# EXERCISE:
Please print the entries exactly, omitting each image.

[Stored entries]
┌────────

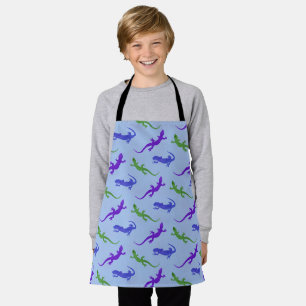 Salamander in Blau, Grün und Violett Schürze
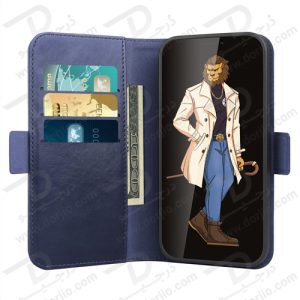 فلیپ کاور چرمی مگنتی iPhone 14 Plus مارک Green Lion مدل Two in One Magsafe Leather Wallet
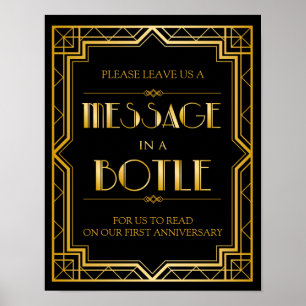 Poster Mensagem em um art deco Gatsby do sinal do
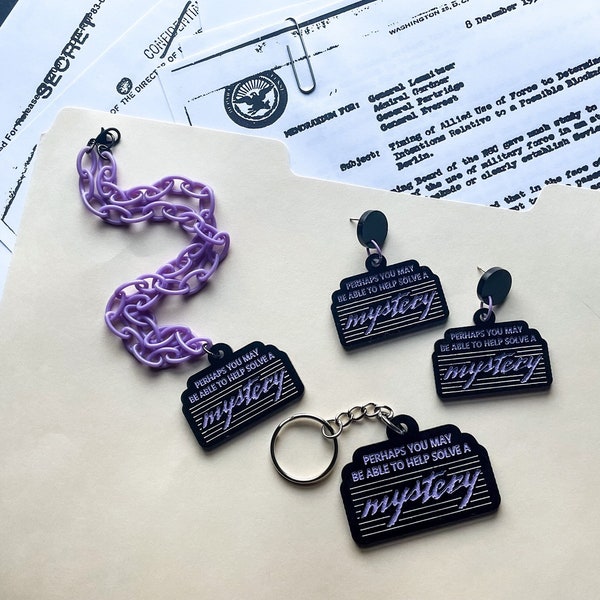 Unsolved Mysteries True Crime Acrylic Post Earrings / Necklace / Keychain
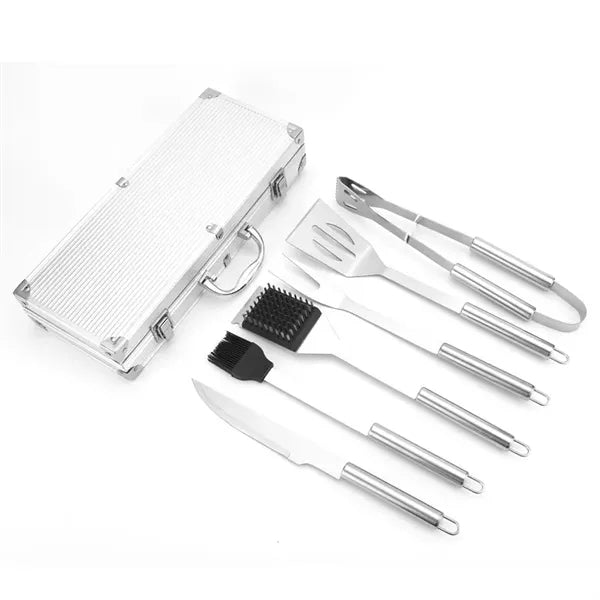 6-Piece Stainless Steel BBQ Tool Set with Case
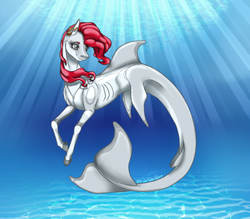 Size: 500x437 | Tagged: dead source, safe, artist:dementra369, oc, oc only, mermaid, merpony, crepuscular rays, dorsal fin, female, fins, fish tail, flowing tail, gills, gray eyes, mare, ocean, red mane, smiling, solo, sunlight, swimming, tail, underwater, water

└────────

# YOUR SOLUTION:
 Salamander in Blau, Grün und Violett Schürze
 فلیپ کاور چرمی مگنتی iPhone 14 Plus مارک Green Lion مدل Two in One Magsafe Leather Wallet
 Poster Mensagem em um art deco Gatsby do sinal do
 Unsolved Mysteries True Crime Acrylic Post Earrings / Necklace / Keychain
 6-Piece Stainless Steel BBQ Tool Set with Case
 Size: 500x437 | Tagged: dead source, safe, artist:dementra369, oc, oc only, mermaid, merpony, crepuscular rays, dorsal fin, female, fins, fish tail, flowing tail, gills, gray eyes, mare, ocean, red mane, smiling, solo, sunlight, swimming, tail, underwater, water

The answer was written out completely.